▸ **WHAT YOU HAVE TO DO**
The expected output is exactly the lines below, starting at the line with "Black/Blue Patterned Gap" and ending at the line with "2019 Maserati Levante", both included; no other line belongs in it.

▸ **EXTRACTED MATERIAL**
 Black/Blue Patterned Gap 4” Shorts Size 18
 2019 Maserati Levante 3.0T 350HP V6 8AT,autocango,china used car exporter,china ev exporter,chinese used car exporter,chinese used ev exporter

--

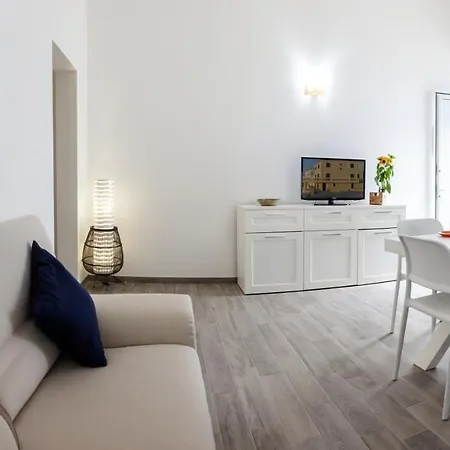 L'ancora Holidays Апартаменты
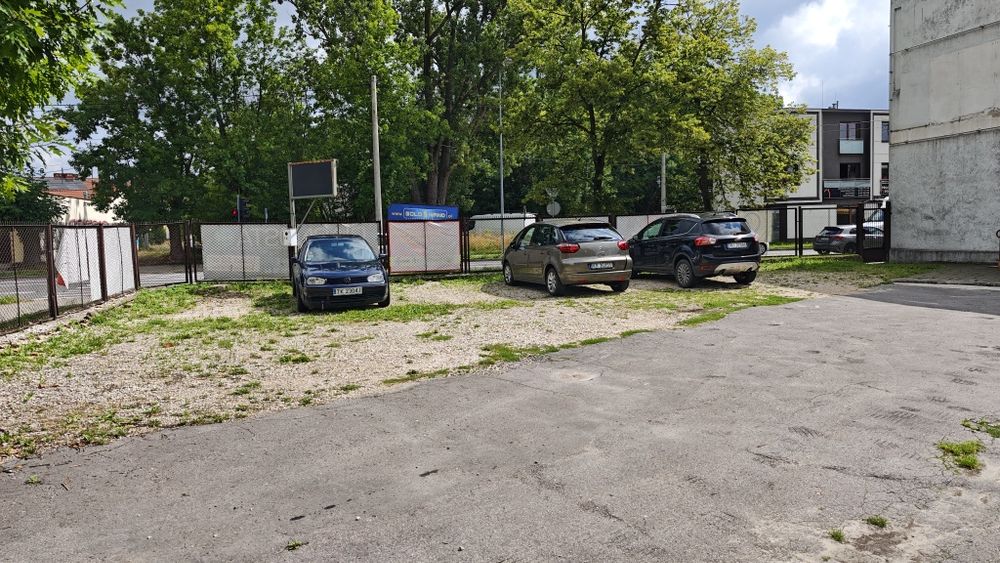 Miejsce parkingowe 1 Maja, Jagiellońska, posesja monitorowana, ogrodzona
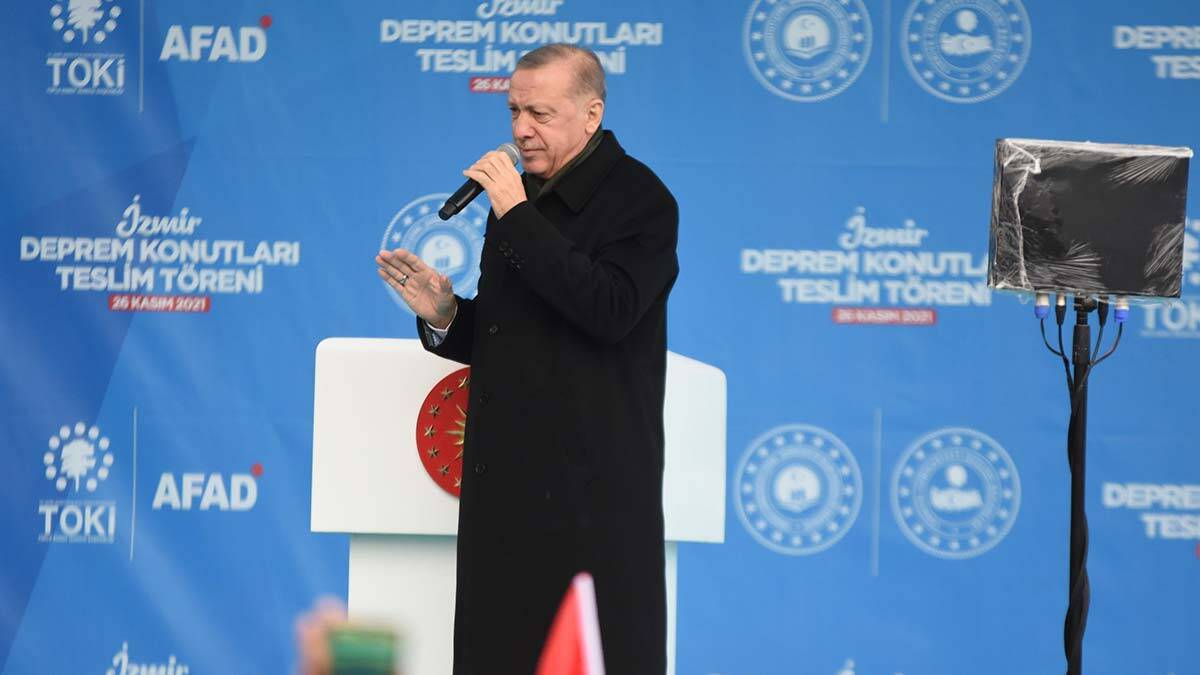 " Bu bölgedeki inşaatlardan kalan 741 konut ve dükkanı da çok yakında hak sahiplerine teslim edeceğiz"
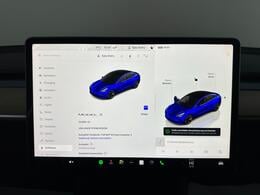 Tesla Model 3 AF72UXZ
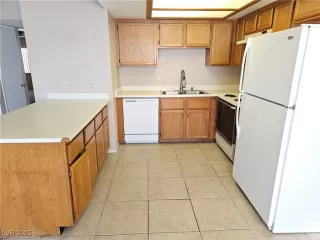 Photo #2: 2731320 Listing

▸ **OUTPUT FOR THIS TASK**
 Black/Blue Patterned Gap 4” Shorts Size 18
 2019 Maserati Levante 3.0T 350HP V6 8AT,autocango,china used car exporter,china ev exporter,chinese used car exporter,chinese used ev exporter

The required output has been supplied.